Le vieux conte d'Andersen est, hélas! toujours d'actualité. Plus que jamais, le roi est nu. Mais, cette fois, c'est de parole qu'il se croyait vêtu. Roi d'amphigouri et non plus d'opérette, habillé du verbalisme le plus consternant, il se pavane dans les colloques et dans les livres, empilant les mots comme Pélion sur Ossa, cultivant les formules creuses et les vocables en -ique ou -ème. On n'a que l'embarras du choix : herméneutique (très à la mode, celui-ci), heuristique, textique, transmédiatique, exilique. On ne dira plus l'énergie, mais l'énergétique balzacienne; on ne dira plus l'événement, mais l'éventème.
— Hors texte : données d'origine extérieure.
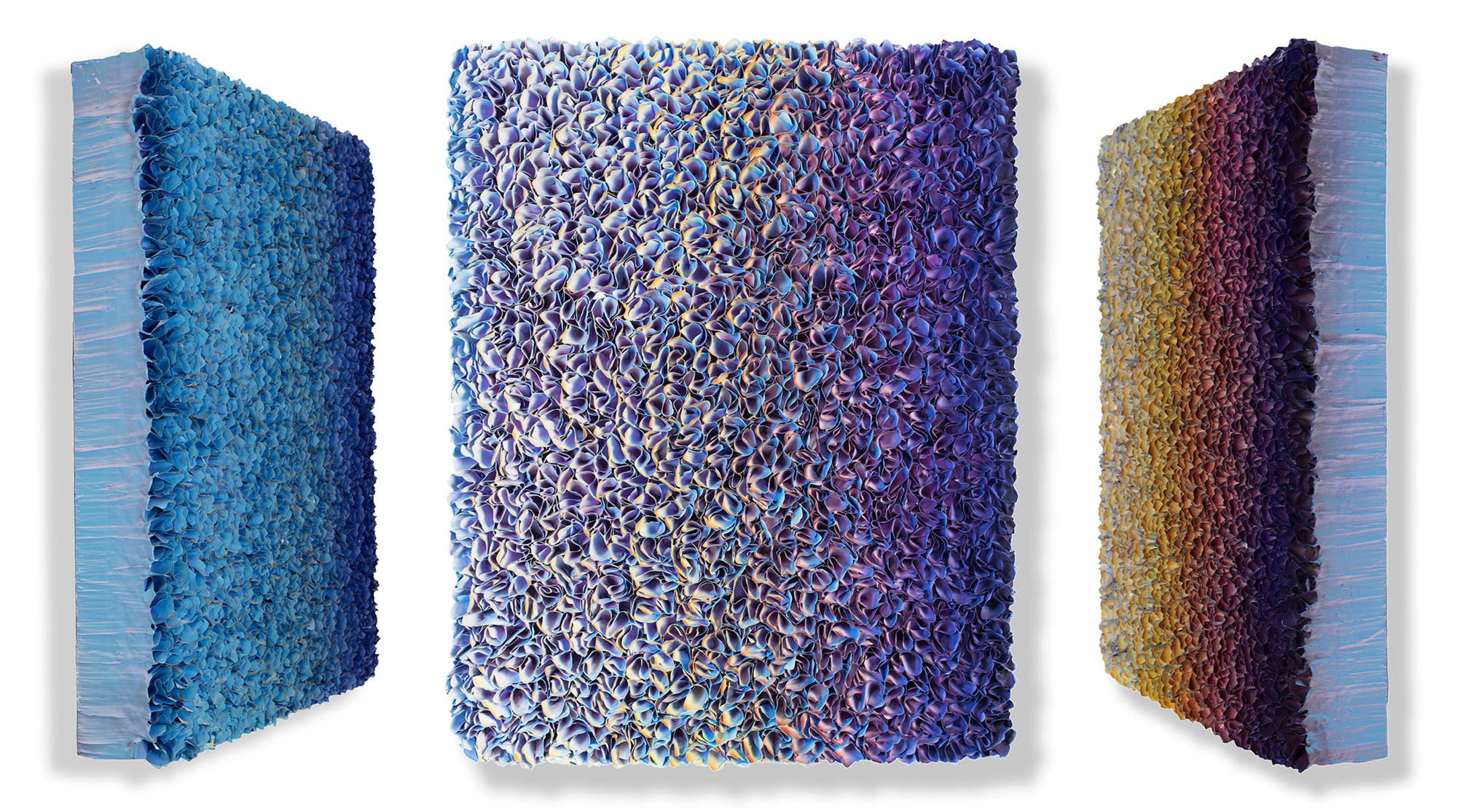 Flower Field, Blue Purple Rice paper and acrylic on canvas 90 x 70 cm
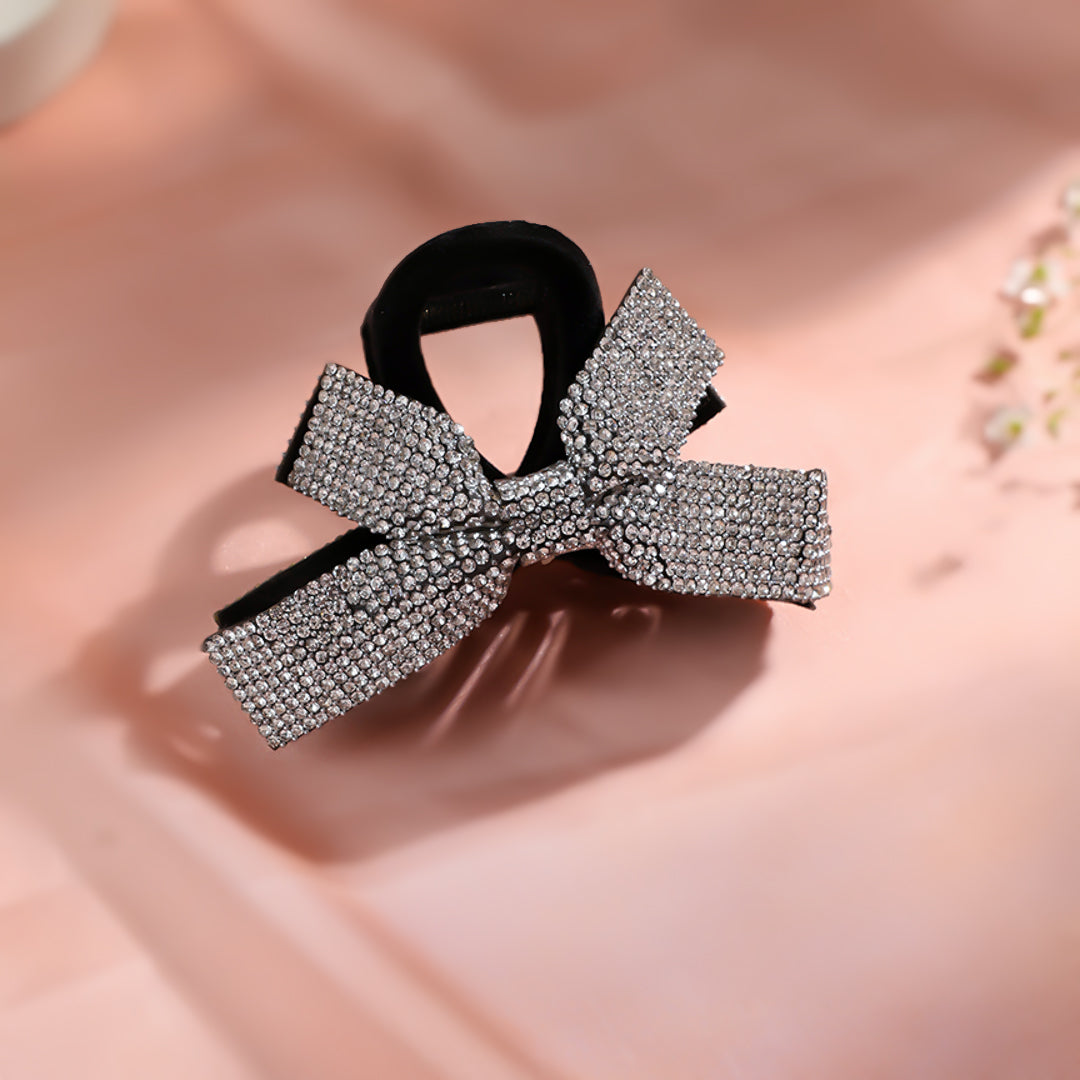 Rhinestone Black Bow Hair Claw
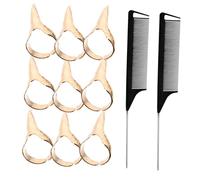 NULYLU Peignes à Tresser avec Outils de Séparation des Cheveux Anneaux de Séparation pour Cheveux Crépus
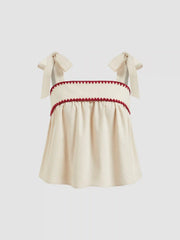 Linen-blend Knotted Contrasting Binding Oversized Cami Top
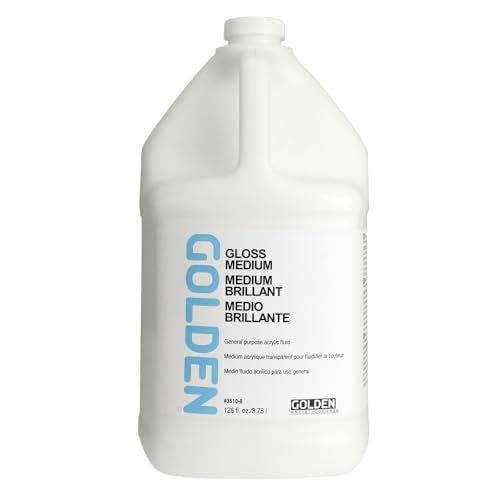 Gloss Medium by GOLDEN, 128 fl. oz. Jug, Professional Acrylic Medium, Transparent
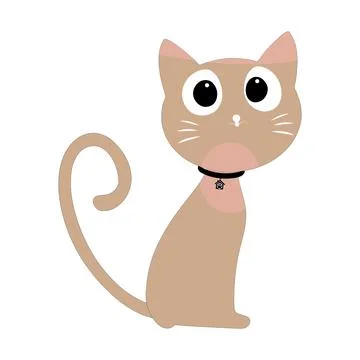 Cartoon Cat with Black Collar Stock Illustration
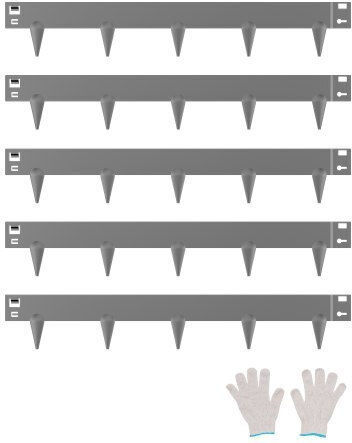 Vevor Metal Garden Hedge in Gray Color 15.6x99cm 5 Pieces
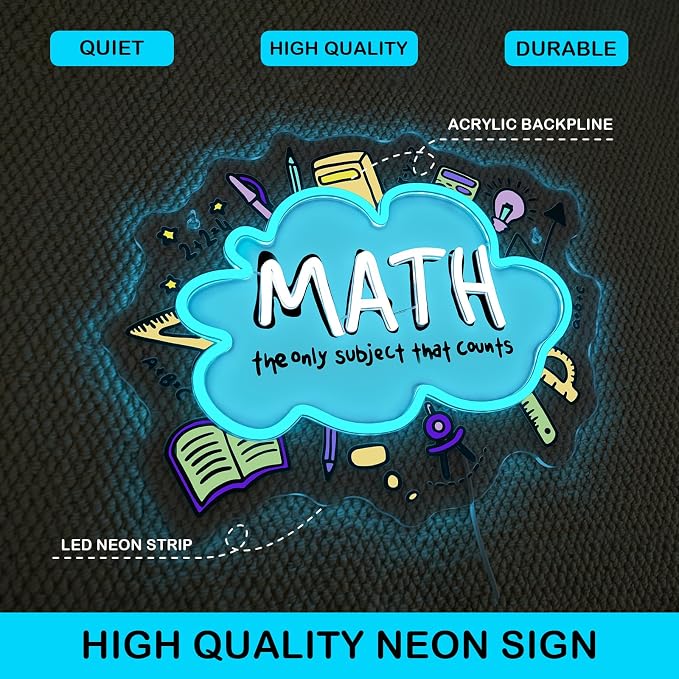 Horseneon Math Neon Sign Educational LED Wall Decor for Classrooms, Study Rooms & Math Teacher Gifts, USB-Powered with Adjustable Brightness, Scientific-Themed Lighting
Il faut désormais "penser la sérialité", "questionner la pertinence contextuelle de la notion de genre", considérer "la circulation transmédiatique des imaginaires sériels", définir des "familles posturales", s'attacher aux "deux extrêmes potentiels de la coalescence absolue". On questionnera "la structure rhizomatique de l'oeuvre", en prenant soin de "repenser la surface hors de la bipolarité et en déclinant (sous toutes ses formes!) le jeu producteur de sens à la surface de l'oeuvre et (bien sûr!) sur les surfaces diégétiques". Une réflexion sur le monologue au théâtre, notion pourtant claire, semblait-il, devra parler de "processus communicationnel unidirectionnel" et de la "non-réciprocité de celui-ci ":  ou comment cacher un truisme sous des syntagmes aussi creux que prétentieux. Fallait-il une journée d'études pour remarquer que "le mou semble être en perpétuel déplacement entre le solide et le liquide"? Il est vrai qu'il y a plus de vingt ans déjà, le regretté Jacques Le Goff déplorait en termes mesurés ce phénomène nouveau et inflatoire qu'il nommait "colloquite". L'avenir lui aura donné tristement raison. On aura eu le pas, le froid, le plein, le vide, la béance, la textique, l'orature, la torsion, le pli, l'autre, l'ailleurs, le fleuve, la surface, le mou. Quid plura?